Here’s a story I told my kids from Parker Palmer’s book, Let Your Life Speak. My 14 year old daughter was particularly intrigued and wanted to know more about the book, like she was considering reading it! (bold and italics mine)
“If you doubt that we all arrive in this world with gifts and as a gift, pay attention to an infant or a very young child. A few years ago, my daughter and her new born baby came to live with me for a while. Watching my granddaughter from her earliest days on earth, I was able, in my early fifties, to see something that had eluded me as a twenty-something parent: my granddaughter arrived in the world as this kind of person rather than that, or that, or that.
“She did not show up as raw material to be shaped into whatever image the world might want her to take. She arrived with her own gifted form, with the shape of her own sacred soul. Biblical faith calls it the image of God in which we are all created. Thomas Merton calls it true self. Quakers call it the inner light, or ‘that of God’ in every person. The humanist tradition calls it identity andintegrity.
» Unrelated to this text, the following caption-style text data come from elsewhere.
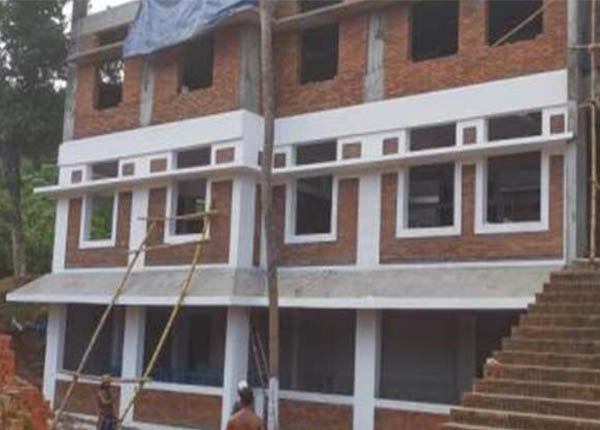 construction work in kochi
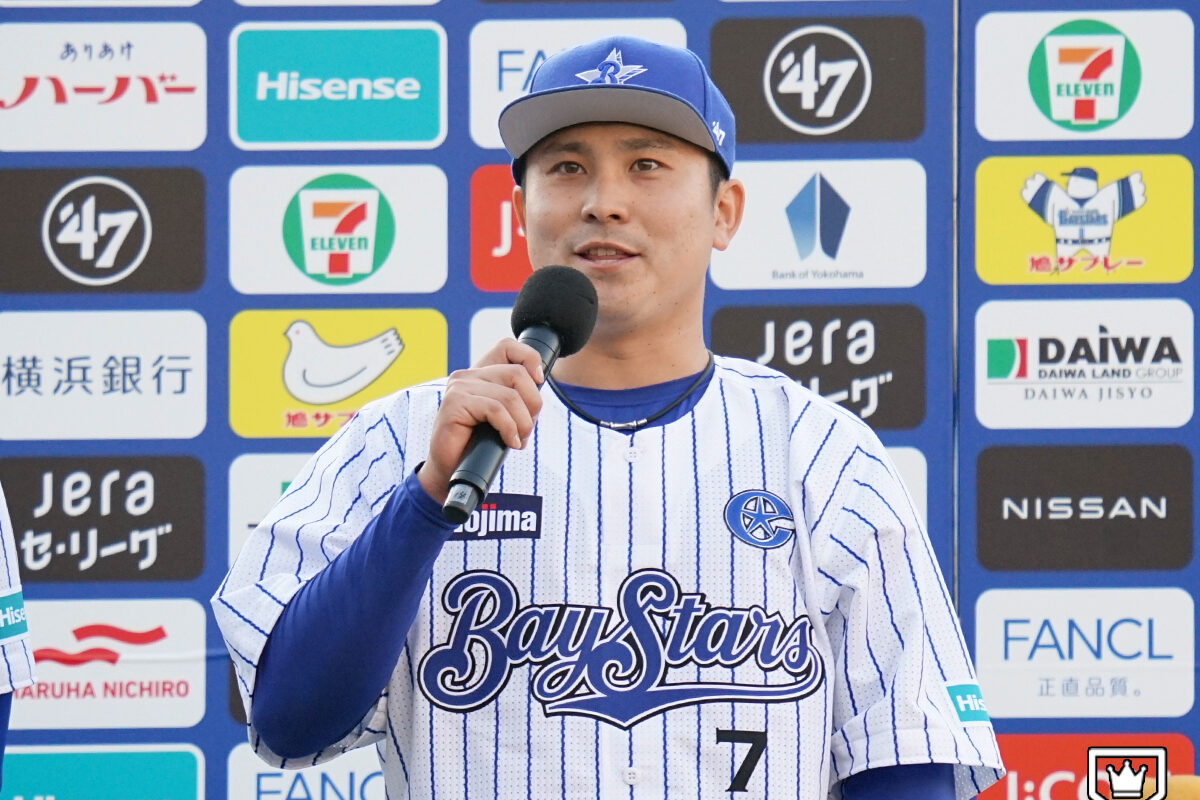 DeNA・佐野恵太の復活に指揮官も期待 三浦監督「今年の佐野は
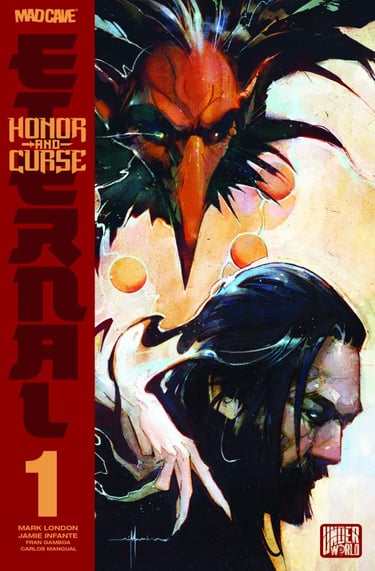 Honor and Curse: Eternal #1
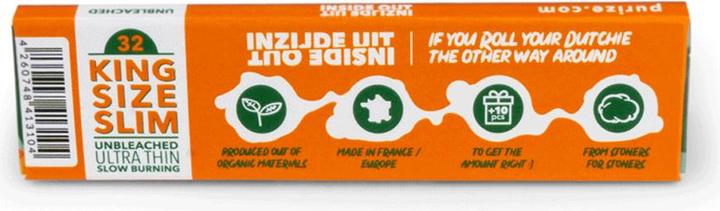 Produktbild Purize KingSize Slim "Inside Out" (Box 50 Stk.)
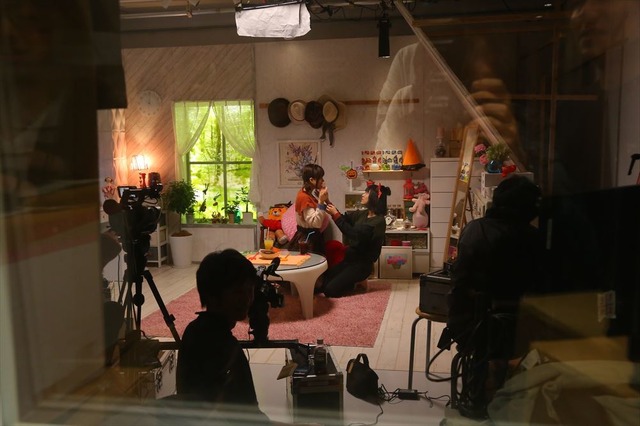 「水瀬いのりと大西沙織のPick Up Girls」第5回 ハロウィンの過ごし方に迫った収録裏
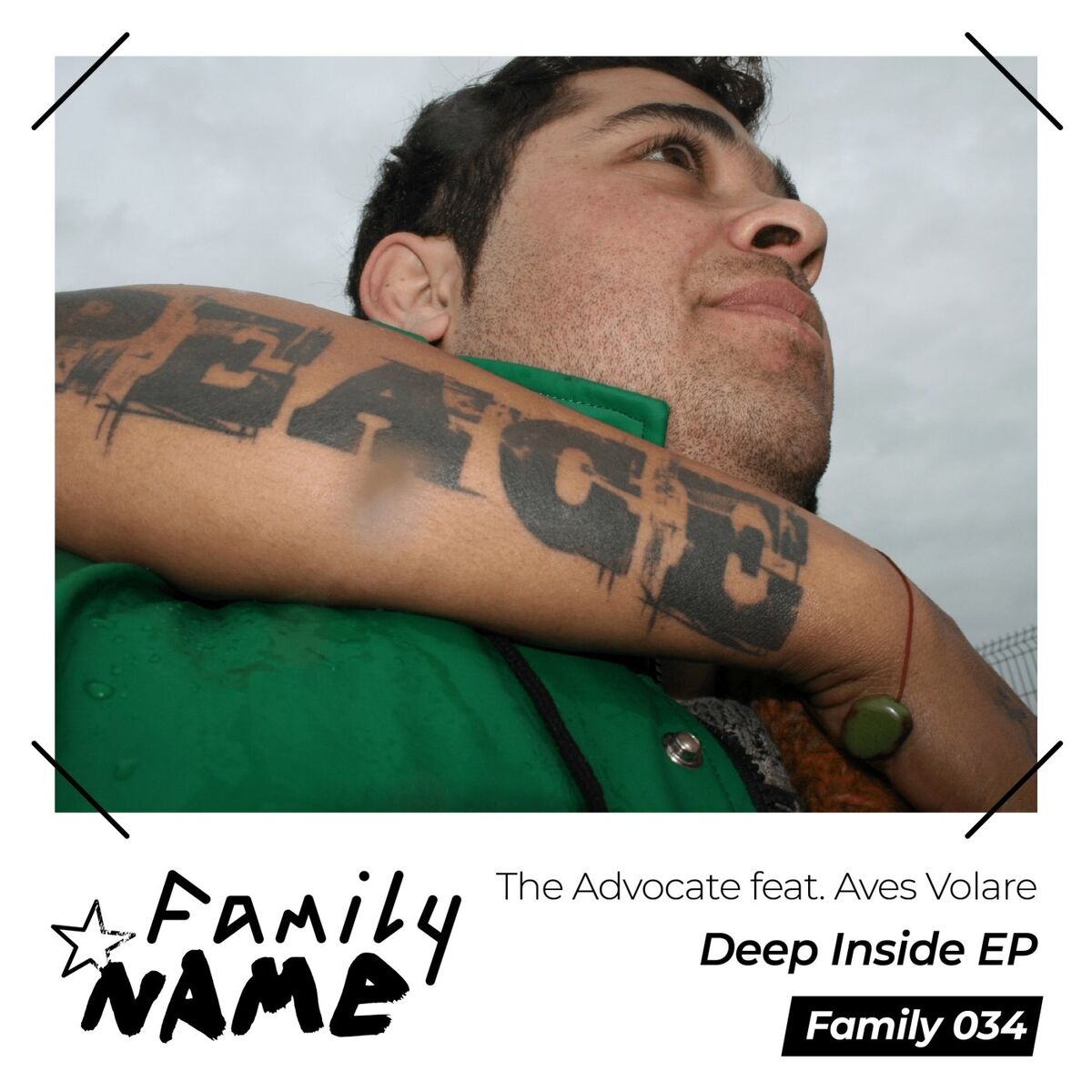 Album cover of Deep Inside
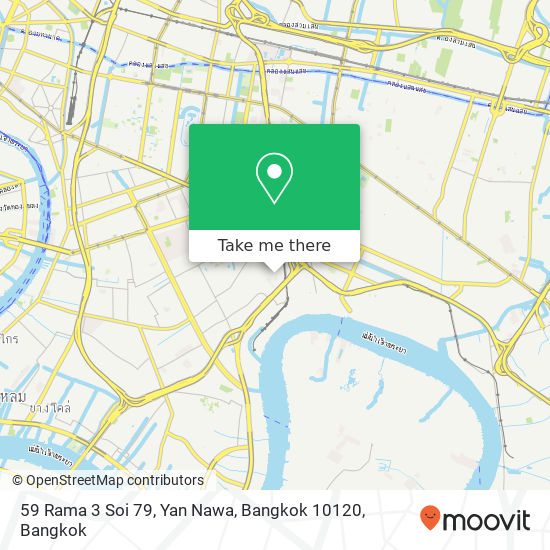 59 Rama 3 Soi 79, Yan Nawa, Bangkok 10120 map
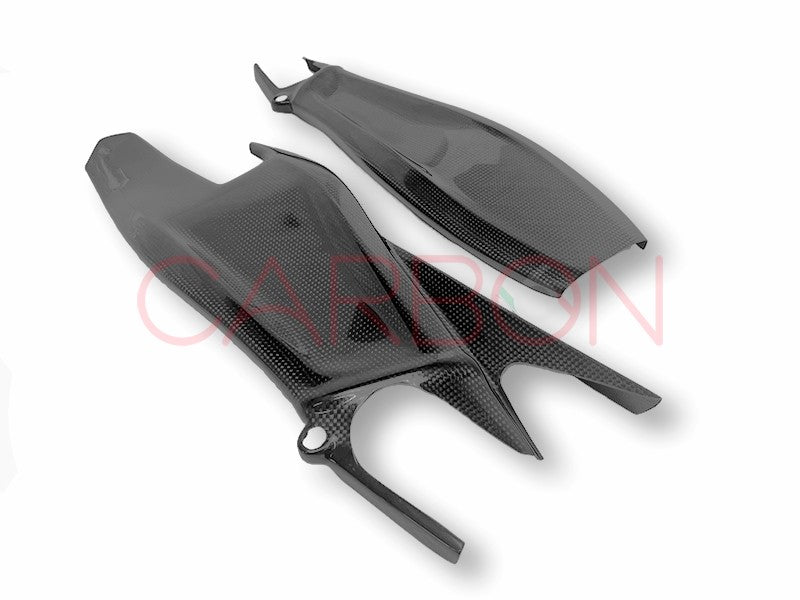 TAPA BASCULANTE EN CARBONO KTM 1190 RC8 2007-2015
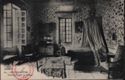 E. REYNAUD EDITEUR CHAMBERY.  584. - LES CHARMETTES Chambre de Mme de Warens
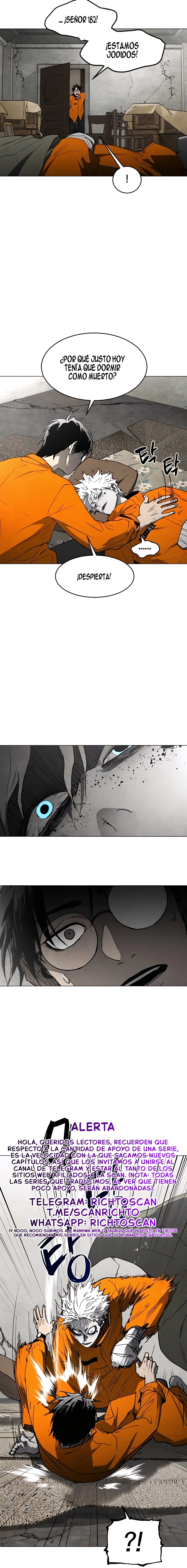 15 PRISION DEL INFIERNO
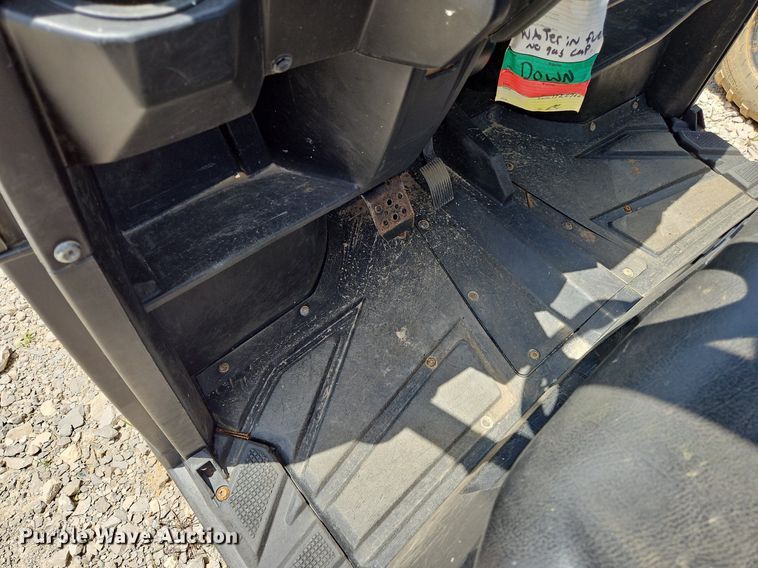 image for item OK9958 2021 Polaris  Ranger 500 utility vehicle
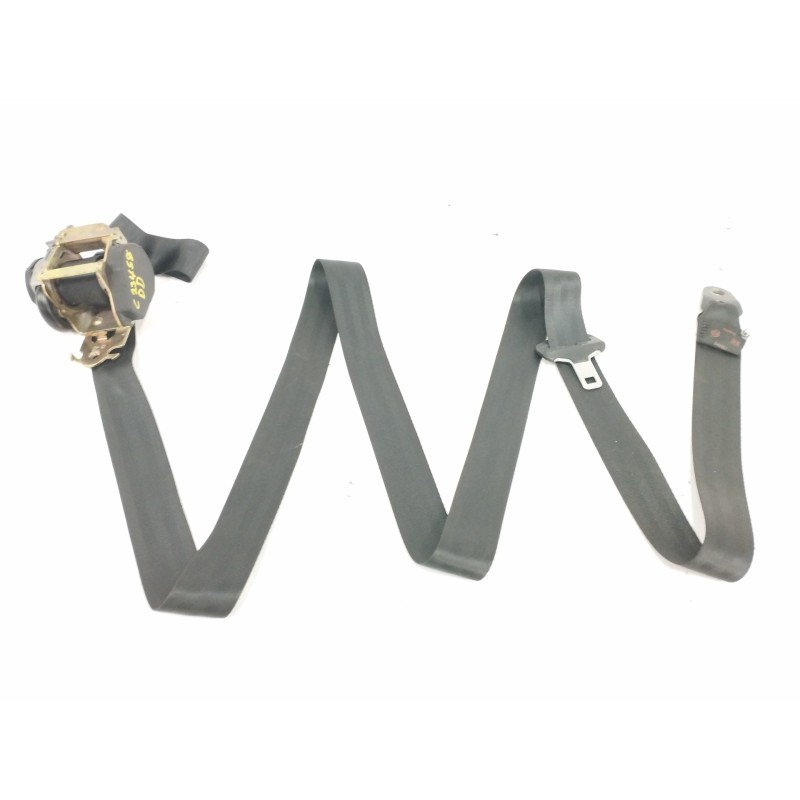 Recambio de cinturon seguridad delantero derecho para peugeot 206 cc 1.6 16v cat referencia OEM IAM 804889XX  
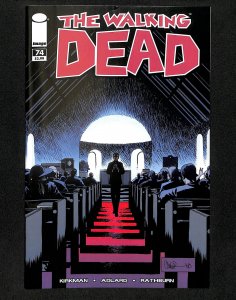 Walking Dead #74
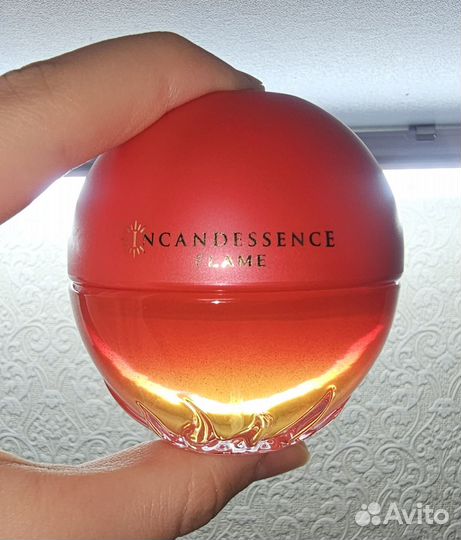 Духи Incandessence Flame Avon снятость
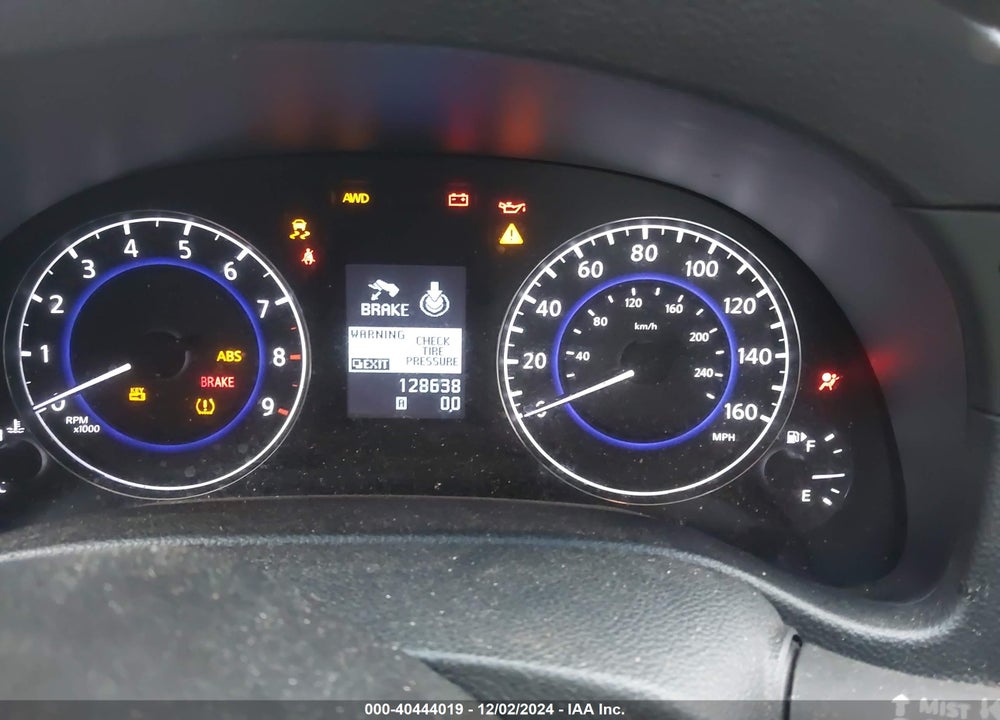 2013 INFINITI G37 VIN: JN1CV6AR0DM765659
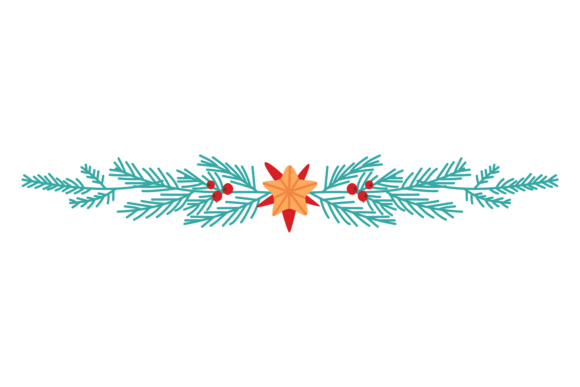 Elevating Holiday Design: The Strategic Value of the Christmas Branch Decorative Divider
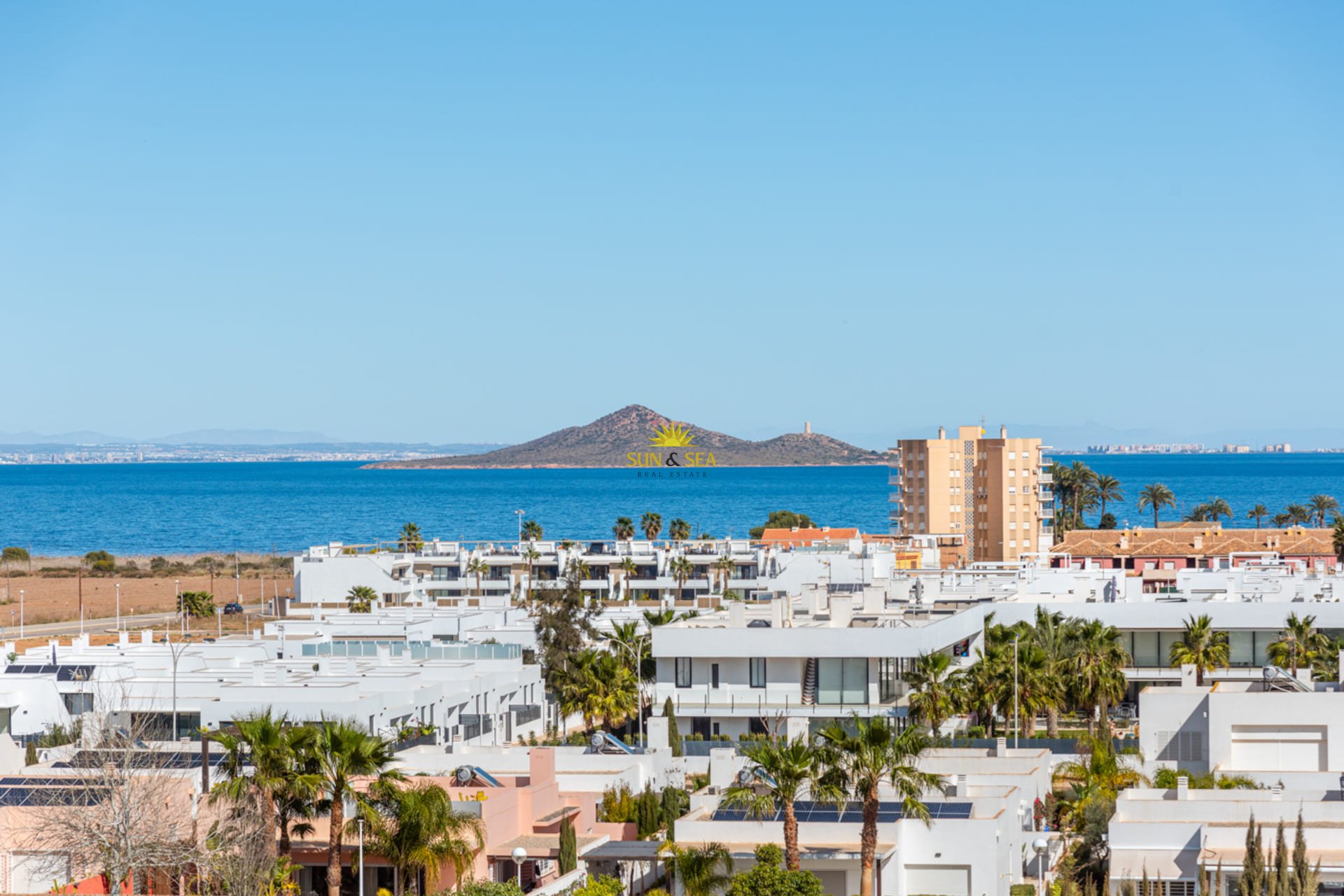 Nouvelle construction - Penthouse - Islas Menores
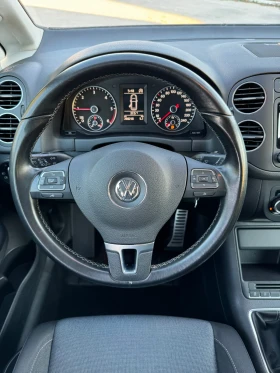 VW Golf 6 Plus 1.6TDi/105кс/STYLE/ГЕРМАНИЯ/КЛИМАТРОНИК/, снимка 9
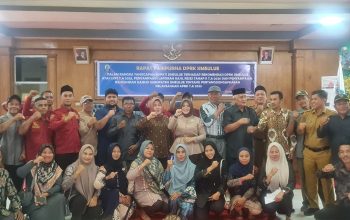 DPRK Simeulue Rekomendasikan Kajian Hukum Soal Masa Jabatan BPD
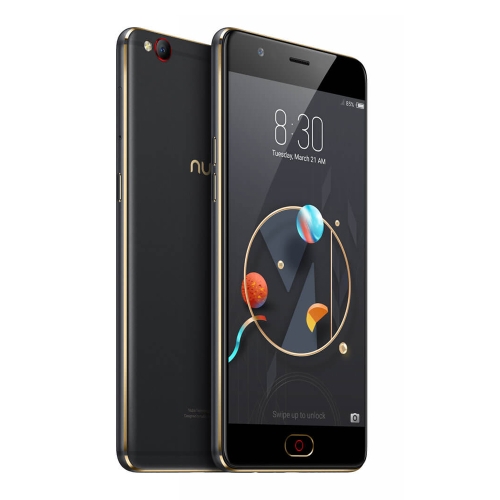 

Nubia M2 Lite 4G Smartphone 5.5 Дюймы 3 ГБ + 64 ГБ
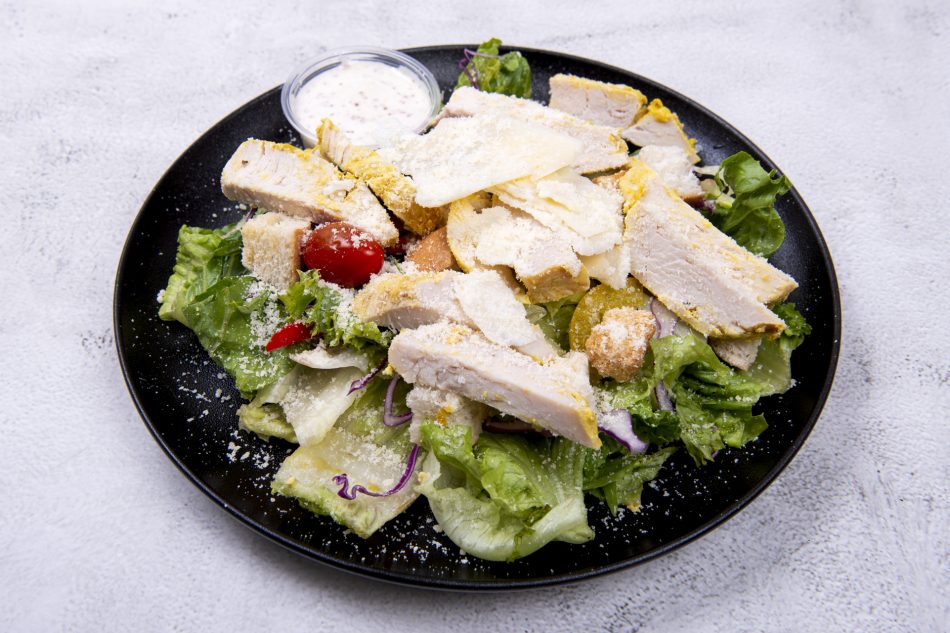 CHICKEN CEASER SALAD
No matter what you call it, it is a pearl of great price.
“In those early days of my granddaughter’s life, I began observing the inclinations and proclivities that were planted in her at birth. I noticed, and I still notice, what she likes and dislikes, what she is drawn toward and repelled by, how she moves, what she does, what she says.
“I am gathering my observations in a letter. When my granddaughter reaches her late teens or early twenties, I will make sure that my letter finds its way to her, with a preface something like this: ‘Here is a sketch of who you were from your earliest days in this world. It is not a definitive picture — only you can draw that. But it was sketched by a person who loves you very much. Perhaps these notes will help you do sooner something your grandfather did only later: remember who you were when you first arrived and reclaim the gift of true self.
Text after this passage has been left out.